TEXT CLEANING, STEMMING, LEMMATIZING
Text contains a lot of noise, e.g. very uncommon words, spelling, scraping mistakes (HTML code), stop words (a, the, I, will),
conjugations of the same word (want, wants), near synonyms (wants, loves). Remember, what noise is depends on your research
questions. Cleaning steps needed to reduce noise are removing unnecessary symbols (e.g., punctuations, numbers), removing
stopwords (e.g., a, the), normalization (transform to lowercase), stemming (wants → want) OR lemmatizing (ran → run) and
frequency trimming (removing rare words).

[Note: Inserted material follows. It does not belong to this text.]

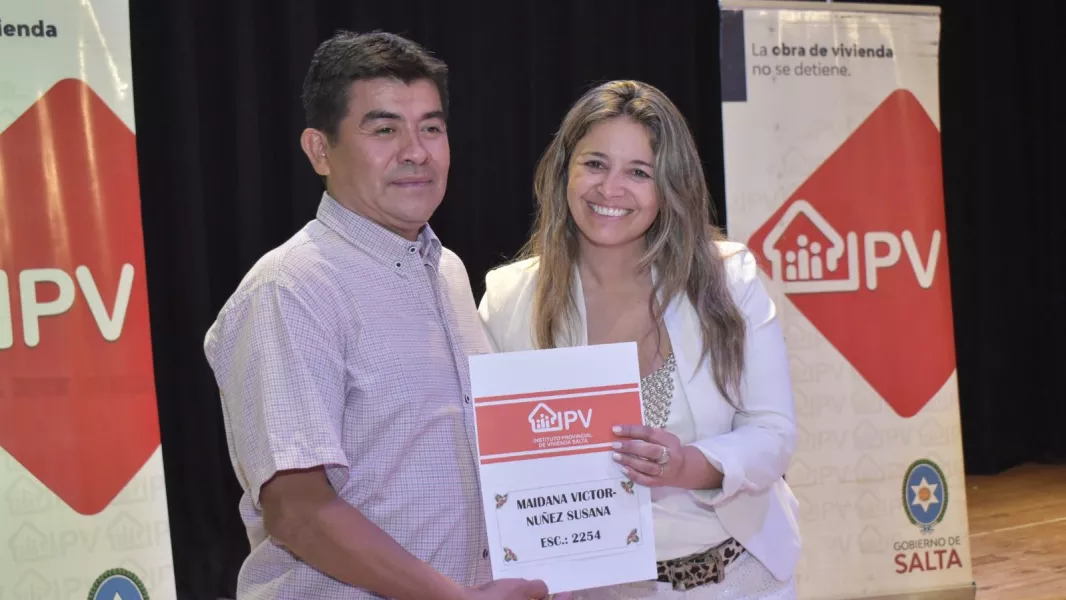 103402-el-gobierno-de-saenz-marca-un-hito-en-la-entrega-de-escrituras-de-viviendas-en-la-provincia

DOCUMENT-FEATURE MATRIX (DFM)
Finally, we create a representation of these ‘tokens’ (or terms or features). A DFM refers to a mathematical matrix that describes
the frequency of terms that occur in a collection of documents. In this matrix, each row corresponds to a document in the
collection and columns correspond to terms. Each cell contains the number of times a term is in that particular document.


ANALYZING THE STRUCTURED DATA (3)

• Rule-based analyses (deductive approaches).
o The meaning is assigned by the researcher.
o ‘’If word X occurs, the text means Y.’’

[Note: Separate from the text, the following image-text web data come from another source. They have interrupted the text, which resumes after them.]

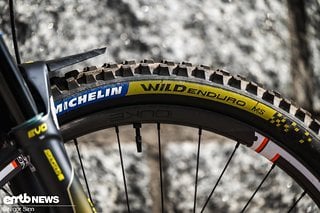 Bis die Radial-Reifen von Schwalbe kamen, waren die Michelin Wild Enduro der absolute Geheimtipp im Enduro. Bis die Radial-Reifen von Schwalbe kamen, waren die Michelin Wild Enduro der absolute Geheimtipp im Enduro.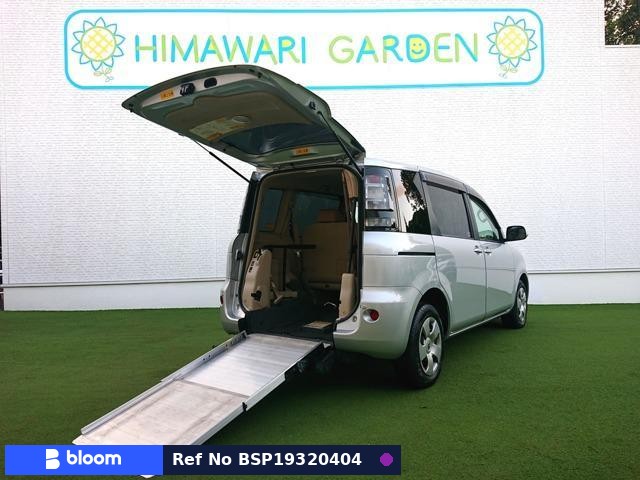 2012 Toyota Sienta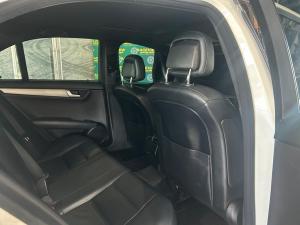 Mercedes-Benz C-Class C250 Elegance - Image 13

• Supervised machine learning (inductive approaches).
o Train a model on coded training examples. Generalizes meaning in human coding of training material
o ‘’Text X is like other texts that were negative, so X is probably negative.’’

• Unsupervised machine learning (inductive approaches).
o Find clusters of words that co-occur. Meaning is assigned afterwards by the researcher interpretation
o ‘’These words form a pattern, which I think means X’’


EVALUATING THE VALIDITY OF THE ANALYSIS (4)
Many text analysis processes are ‘black boxes’, even manual coding. Dictionaries are ultimately opaque. The computer does not
‘understand’ natural language. You need to prove to the reader that the analysis is valid. Validate by comparing to known goods.
Comparison: often manual annotation of ‘gold standard’.


WHAT ARE DEDUCTIVE APPROACHES?
Code rules are set priori based on a predefined ‘text theory’. Computers use these rules to decode text. Rules can differ based on
individual words or group of words (e.g., articles that contain ‘government’ are coded as ‘politics’), based on patterns (e.g., the
sender of a mail can be identified by looking for ‘FROM:’) or a combination of both.